2. The Parties intend to explore and exploit means of funding the testing
of additional materials prepared by the Parties and/or alternate
battery configurations including but not limited to proprietary systems
used by Rutgers, Xoliox/Ntera (now HPL) and Yardley Technical products
and other commercial battery manufacturers. Such funding may be in the
form of US Government grants or other sources of funding mutually
acceptable to the Parties.
3. Any intellectual property utilized or developed by the Parties in the
course of the Initial Study or any continuation, extension, expansion
or development thereof shall be owned in accordance with the following:
a) IP related to manufacturing methods for making nanomaterials owned
by Xxxxxx and optimized for carbon coating shall remain the property of
Altair; b) IP related to carbon coatings owned by Xxxxxxxx and
optimized for treatment of nanomaterials supplied by Altair shall
remain the property of Hosokawa; and c) new IP derived from the joint
work effort shall be owned jointly by both Parties.

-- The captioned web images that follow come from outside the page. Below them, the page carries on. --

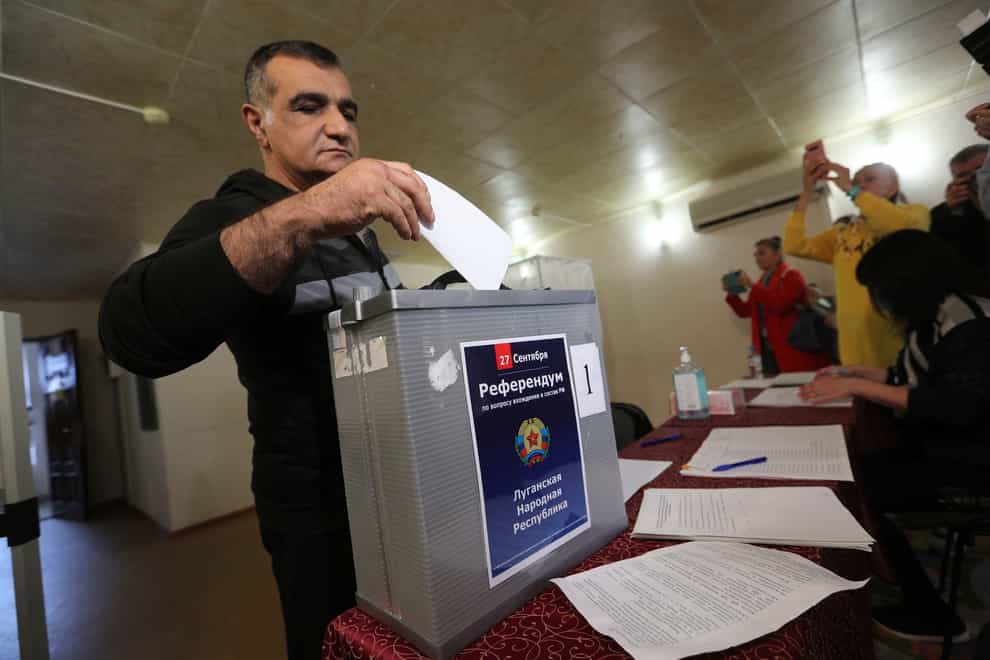 A man from Luhansk region votes in the so-called referendum (AP)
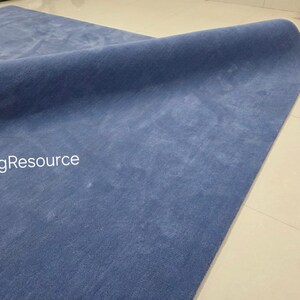 May include: A rolled-up, solid blue rug with a soft, textured surface. The rug is displayed on a light-colored tiled floor. The text "RugResource" is visible in the lower left corner.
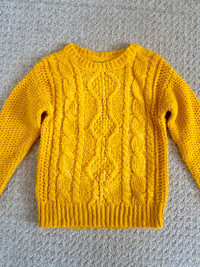 Cable-knit yellow sweater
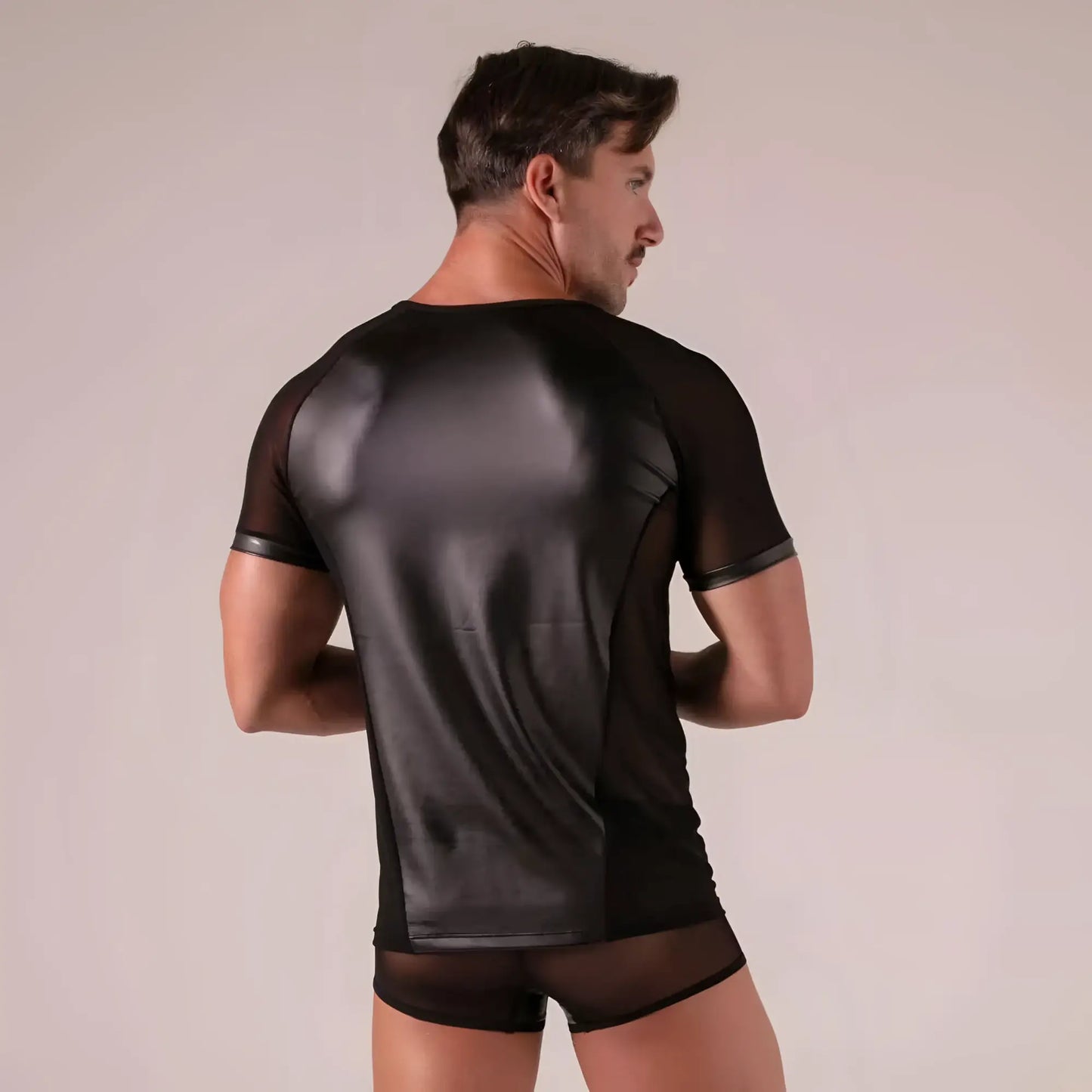 Black rebel t-shirt showing back side with glossy faux leather panel and sheer mesh sleeves and sides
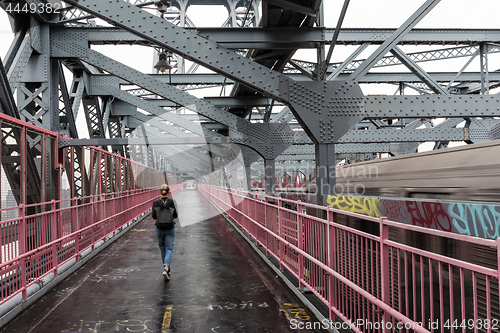 Image of Solo casual woman walking the cycling lane on Williamsburg Bridge, Brooklyn, New York City, USA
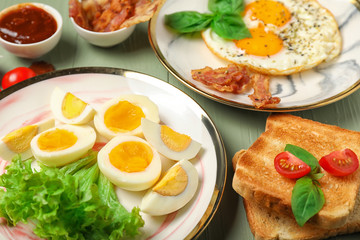 Different tasty dishes with eggs on table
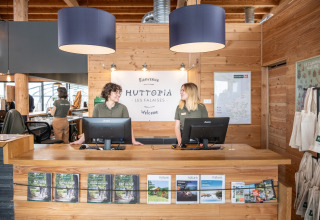 Receptiemedewerkers verwelkomen gasten bij Huttopia Les Falaises, een vakantiepark in Normandië, Frankrijk.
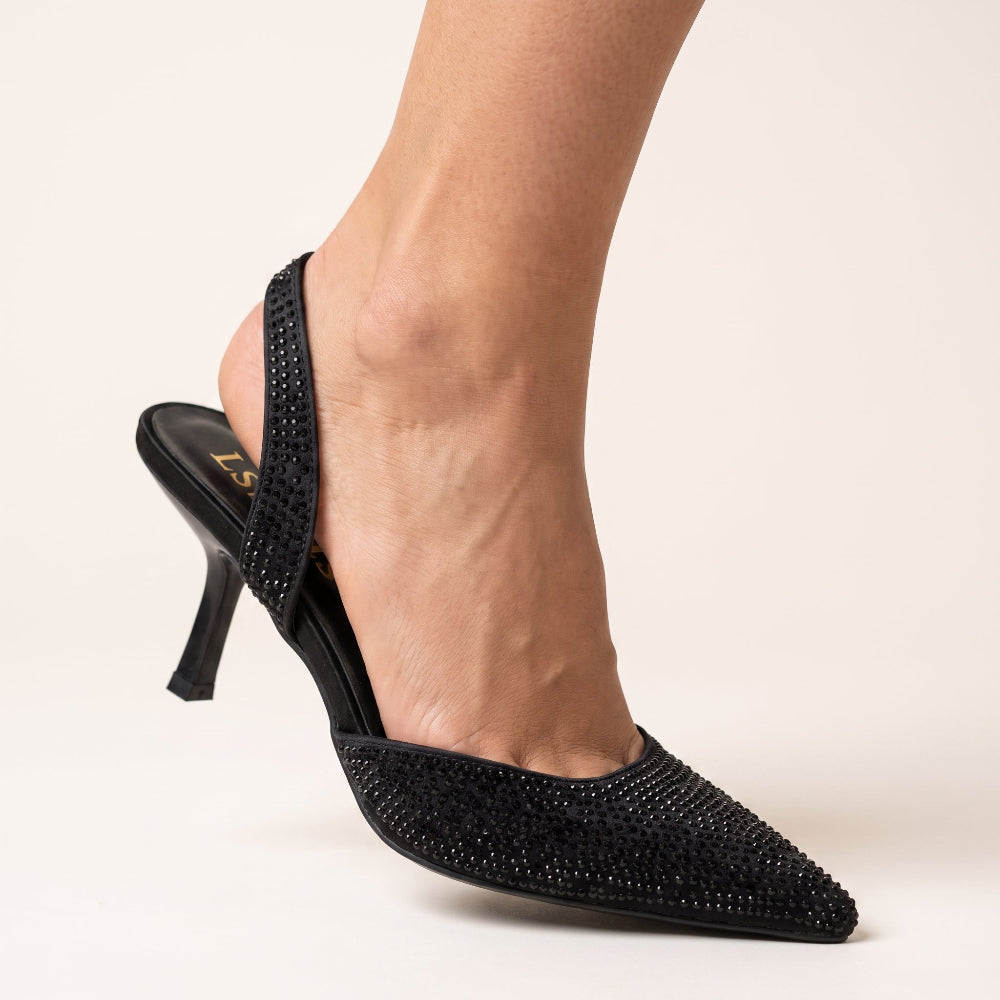 A close-up of a person's foot wearing a black pointed-toe slingback high heel shoe embellished with sparkling rhinestones, set against a plain light beige background.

4. The term of this Memorandum shall continue through January 1, 2005
unless earlier terminated as provided in section 5. The Parties agree
to work together during the term of this Memorandum to commercialize
applications that the Parties agree in writing are meritorious using
their combined technologies related to coated nanomaterials of the type
manufactured by Altair and coated by Hosokawa. During the term of this
Memorandum neither Party will undertake any project based upon or
reasonably deemed to be competitive with, the efforts of the Parties in
performing the Initial Study and follow on work anticipated by this
agreement..
5. Either Party may terminate this Memorandum if that Party determines, in
its sole discretion, that meritorious applications of the combined
technologies cannot be identified. Termination of this Memorandum will
become effective 60 days after notice of termination is provided by the
terminating Party. The termination of this Memorandum will not
interfere with completion of other contracts or agreements that may
have been entered into by the Parties prior to its termination.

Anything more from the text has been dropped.